Consequently man, having this spiritual consciousness, which is rooted in the spiritual consciousness of the Universe, has a divine vision, and therefore sees with this spiritual consciousness; and he comes back from this pathway of following his consciousness ever inwards: he returns from this sublimest of human adventures, which is done through initiation; and gives his message to men in so far as the men of his day can understand it, not overloading their minds with too much glory, but giving them as much as they can at the time take in and understand. And behold, a new religion is founded, a new world philosophy is born.

The heart of the teaching of these great world religions and philosophies — that teaching in which they all agree, that body of doctrine lying at the background of the religions and philosophies, that which is the same in them all, as taught by these great initiated sages and seers — that is theosophy.

I am going to close now, because I desire to leave the present atmosphere in our Temple undisturbed.

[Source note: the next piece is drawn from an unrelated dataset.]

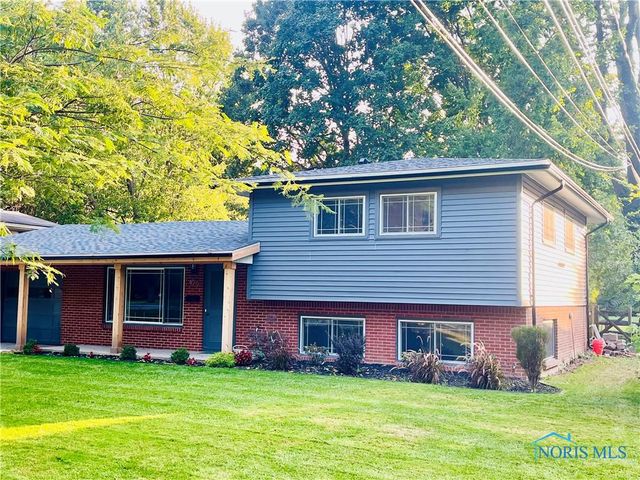 1016 Walnut Street, Perrysburg, OH 43551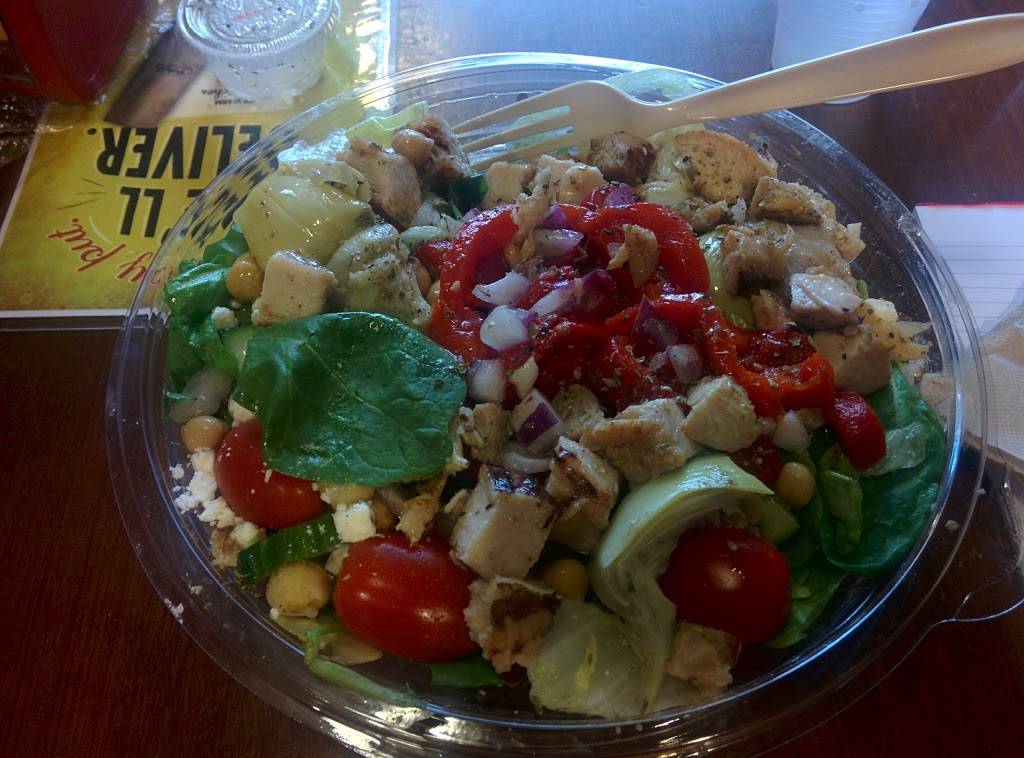 Potbelly Sandwich Shop | restaurant | 527 S Marquette Ave, Minneapolis, MN 55402, USA | 6123391143 OR +1 612-339-1143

I do not want to change it by answering other questions that I have here, although they are very interesting questions indeed. I desire to leave this atmosphere just as it is, undisturbed.

No theosophist, teacher or student (and we are all students — the highest among us is a student of life, subject to correction by the greater wisdom that he will acquire in time), no theosophist ever will tell you that theosophy is dogmatic, because it is not. You do not have to accept any creeds when you join The Theosophical Society; you do not have to abandon even your own particular religion, if you prefer to keep it. Christian, Buddhist, Hindu, Confucian, atheist, agnostic — it matters not what — if you believe in our one principle that men are brothers with a common spiritual origin, the doors of The Theosophical Society stand wide open to you.

The only prerequisite to membership in The Theosophical Society is a sincere belief in universal brotherhood. You do not have to accept a single doctrine of our majestic philosophy, which, as I have told you, is a formulation of the truths of the universe, unless you desire to. It is laid before you in book and by speech; and we say to you: "Come, here are these Pierian Springs, which have given us such ineffable peace. Come, taste, drink; for they are the waters of life. A god lives in you, in each one of you. It is a reality; it is the source of all that you are in the best of your manhood and womanhood; it is the source of your noblest thoughts and aspirations."

Men have not realized one-millionth part of what they have within them; and belief that you have these faculties and powers as yet undeveloped within you is the first step towards acquiring the consciousness of them. You cannot see if you willfully turn your eyes away. But once the thought becomes familiar, its attraction is so powerful that you will be led on step by step, and rapidly, to be your noblest self.

In future ages, when you shall have expressed more or less perfectly these powers and faculties locked up within, of which you at present receive but adumbrations, intuitions, flashes, glimpses — which men call genius — in the future ages, when you as individuals shall have arrived at the full consciousness of what you are, then you will be, each one of you, an awakened Buddha, a Christ risen out of the darkness of ignorance into light.